Builtins are predefined optimized low-level execution units which are added to the Cairo CPU board to perform predefined computations which are expensive to perform in vanilla Cairo (e.g., range-checks, Pedersen hash, ECDSA, …).

The CPU communicates with builtins thourgh memeory: each builtin has a segment and applies constraints on the memory cells in the segment.

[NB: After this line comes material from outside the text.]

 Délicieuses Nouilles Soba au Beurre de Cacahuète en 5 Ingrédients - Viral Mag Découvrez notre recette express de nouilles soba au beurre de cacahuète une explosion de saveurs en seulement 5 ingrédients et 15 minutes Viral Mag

Implicit argument is a syntactic sugar that adds arguments and return values to the funciton When you use the high-level `return` statement, you don’t have to explicitly return the implicit argument. The Cairo compiler returns the current binding of the implicit argument.

There are three ways to call a function with implicit argments:

• Explicitly `function_name{x=y}()`: `y` is bind to `x`. After the call, `y` has the return value of `x`.
• Implicitly using an implicit argument with the same name in caller.
• Implicitly using a `with` statement in caller.

Because an implicit argument is implemented as a reference, it might be revoked. The solution is to use a local variable to keep the implicit argument. When there is no branches, `alloc_locals` can add the local variables automatically. Adding `tempvar` at the end of every branch also works.

Cairo supports a few possible layouts. Each layout specifies which of the different builtins exist and how many instances of that builtin can be used. This is measured as the ratio between the number of instructions (`n_steps`) and the number of available builtin instances. The default `plain` layout has no builtins.

The `%builtins` directive specifies which builtins are used by the program. Each builtin adds an argument to main() and requires a return value.